L’augmentation des flottes fantômes, le spoofing GPS, les transports énergétiques complexes et des obligations européennes plus strictes nécessitent des capteurs modernes, un traitement des données en temps réel et une interopérabilité accrue avec les partenaires européens. Le remplacement de l’appareil actuel est dès lors indispensable afin de garantir la continuité de ces missions.

Sans un nouvel avion des garde-côtes, la Belgique risque de ne plus disposer d’une plateforme adaptée pour la surveillance aérienne. Cela compromettrait sérieusement sa capacité à respecter ses obligations nationales et internationales en matière de protection de l’environnement, de gestion de crise, de sécurité et de sûreté en mer du Nord.

Au sein de la Garde côtière, sous la coordination de la Défense et de l Institut des Sciences naturelles, un travail intensif est donc mené avec l’ensemble des partenaires concernés afin de préparer et de concrétiser le remplacement de l’appareil, garantissant ainsi à la Belgique une capacité de surveillance aérienne moderne, performante et interopérable pour l’avenir.

© Ben Ullings

Vidéo de l’opération maritime polyvalente 2025

De fin mai à octobre 2025, les garde-côtes belges et français ont coopéré dans le cadre d’une opération maritime polyvalente (Multipurpose Maritime Operation – MMO) dans le sud de la mer du Nord. La MMO est une opération maritime à grande échelle coordonnée par l’Agence européenne pour la sécurité maritime (AESM) et l’Agence européenne de contrôle des pêches (AECP), avec le soutien de l’UE, organisée en appui aux États membres européens.

Dans le cadre de l’opération MMO 2025, diverses autorités belges (flamandes et fédérales) et françaises des garde-côtes ont uni leurs forces pour mener à bien diverses missions dans le domaine de la sécurité maritime, de la lutte contre la pollution, de la protection de l’environnement, du contrôle des pêches ou du contrôle des frontières.

Une vidéo sur l’opération MMO 2025 couronnée de succès est désormais disponible :

En tant que partenaire des garde-côtes belges, le service scientifique « Unité de gestion du modèle mathématique de la mer du Nord (UGMM) » de l’Institut des Sciences naturelles a participé à l’opération. Cela a impliqué une coopération étroite avec divers partenaires, notamment la marine belge, la Direction générale de la navigation, la Direction générale de l’environnement, les services maritimes et côtiers flamands, les autorités françaises et l’AESM.

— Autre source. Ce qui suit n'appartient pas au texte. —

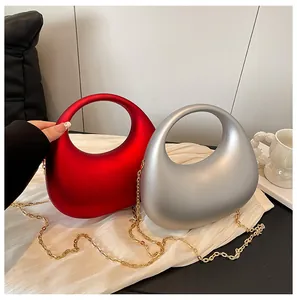 Moderne minimalistische Acryl-Clutch-Taschen in Rot und Silber mit eleganten Goldketten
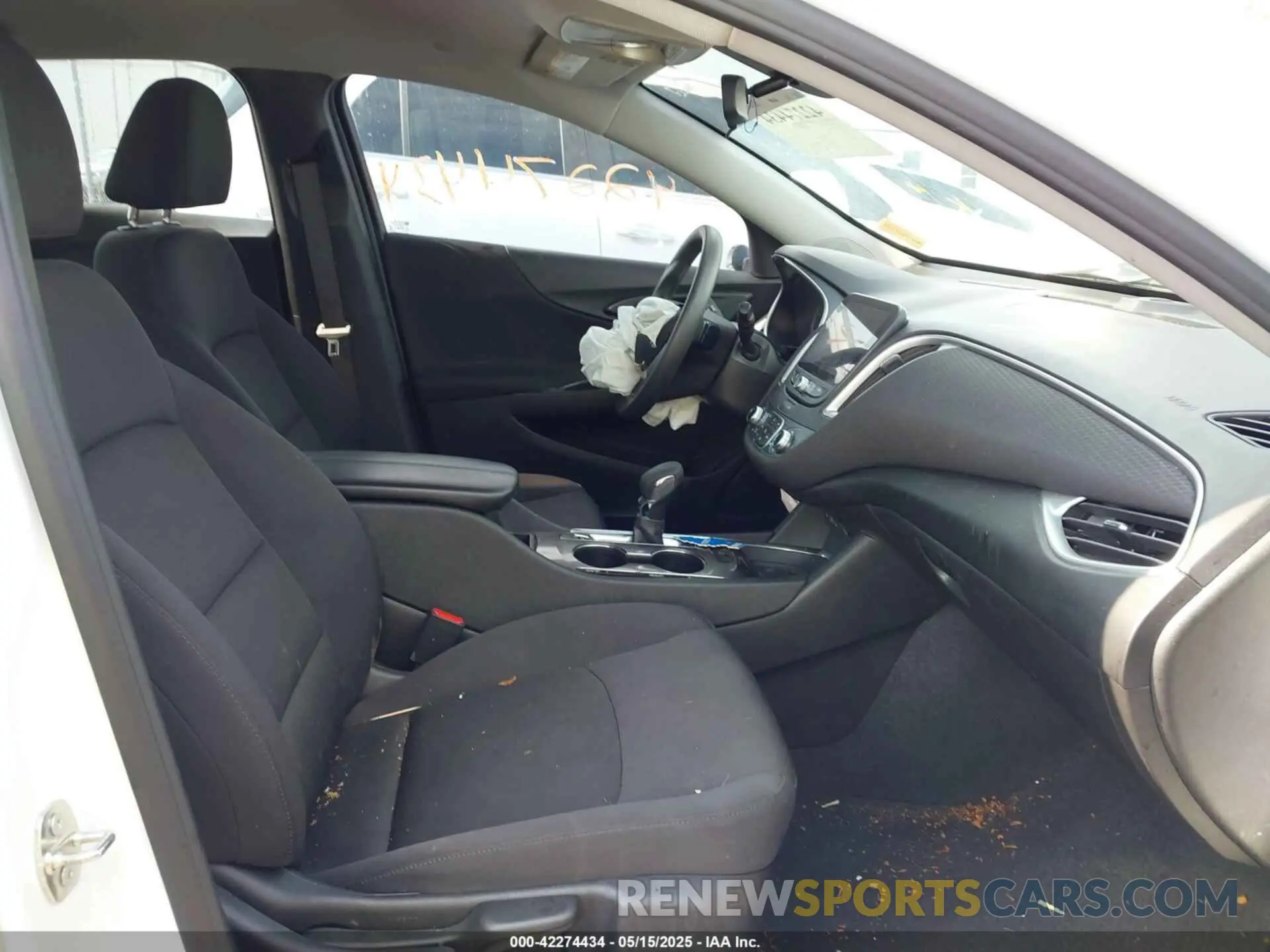5 Photograph of a damaged car 1G1ZD5ST8PF111637 CHEVROLET MALIBU 2023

Compte tenu des nombreux défis auxquels est confrontée la garde côtière dans le sud de la mer du Nord et de l’importance de la coopération sous-régionale à cet égard, les préparatifs sont actuellement en cours pour une nouvelle MMO encore plus globale en 2026. De plus amples informations sur la MMO 2026 seront communiquées dans le courant de l’année.